Bright Mortgage Services said:
“I feel very sorry for advisers at JML if they have network bosses telling them that the bosses’ crystal ball is the best and that long-term rates should be advised. Should we forget decent Know Your Client advice or the fact that two year rates have saved the respective clients huge amounts for years and years?
“Rates may well begin a journey upwards, but as mortgage advisers, don’t let us become arrogant enough to believe that we know when and by how much. Clients can either guarantee to pay much more than now, or they can decide that a risk of several increases that may affect them in years three, four or five is a risk considered to be worth taking. In two years, the mortgage will have reduced, savings will have been made, which could be used for over payments or other easing factors.
“Another full review will be possible to change the mortgage term, overpay, borrow extra, move home with the freedom of the whole market rather than being restricted to just one lender’s porting option. Clients should make the final decision, with us providing a sensible conversation. Current inflation and MPC voting may incline us to believe that a rise feels closer than two or three years ago, when the first rise was predicted in the autumn (No, it didn’t happen). One or two rises may happen, but does that make the five-year rates best?
“A fixed rate, generally means that a fully flexible mortgage review is delayed for the fixed term, so no significant changes are possible, unless eye-watering penalties are accepted. Caution should be exercised before herding all clients on to five-year rates. Advisers should have a full discussion with clients, as always.”
Derek Compton noted:
“Comments like this infuriate good advisers, as can be seen from the comments already received. Advisers should be enlightening clients regarding the advantages and disadvantages of long and short benefit periods and discussing how these match the individual’s needs, before the client agrees which they want the adviser to progress. All these comments show the writers do this.
“Advisers seem to be being beaten from all sides. The last thing we need is direction on what to advise from network bosses who probably haven’t been out to see a client in years and certainly won’t be held responsible for the instruction they are giving their advisers should it later prove to be wrong and result in a complaint.
“The powers that be should also consider the actions of lenders. I have seen a number of clients who didn’t want to pay for whole of market advice and instead arranged their own mortgage with a high street lender. In nearly all cases, they went down, or were encouraged down, a two-year route.
“Similarly, when I contact my clients for renewals, I find they are being contacted earlier and earlier by the lender I put them with, with change now, no early repayment charge deals and they are invariably attractive two-year low rates. Of course, these communications encourage the no contact, just click selection, so there is no responsibility. For God’s sake, leave the advisers alone to advise.”
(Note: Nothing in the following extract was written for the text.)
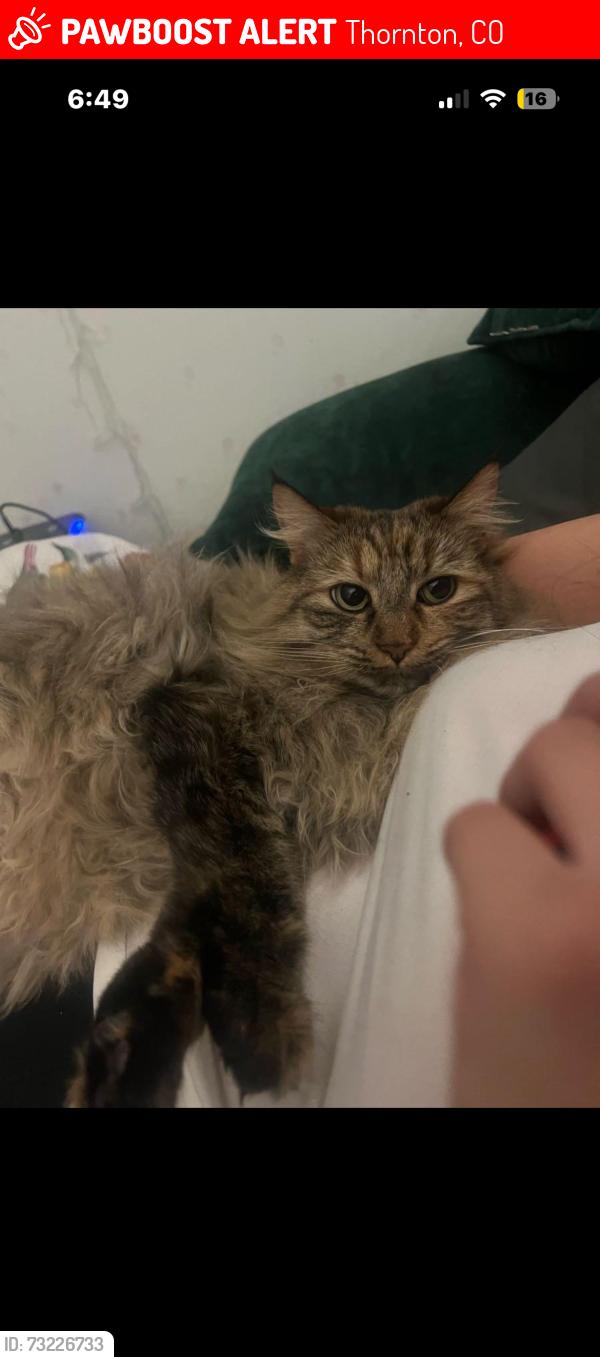 Lost Female Other last seen 130th CIR Thornton, Thornton, CO 80221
James Lindon-Travers added:
“Eighteen months ago, when in some cases there was just 0.25% between a two-year and a five-year fixed, clients would often choose the five-year deal as the difference was so small. With buy-to-let business down by 40% across the board, lenders are attracting business by having a rate war and using two-year fixed-rates as the battleground.
“Clients, especially in the South East, tell me that a 0.65% difference is too big to ignore and often go for a two-year deal. So, really, it isn’t the adviser driving two-year churn it is the lender. Mr JLM needs to get back in his box.”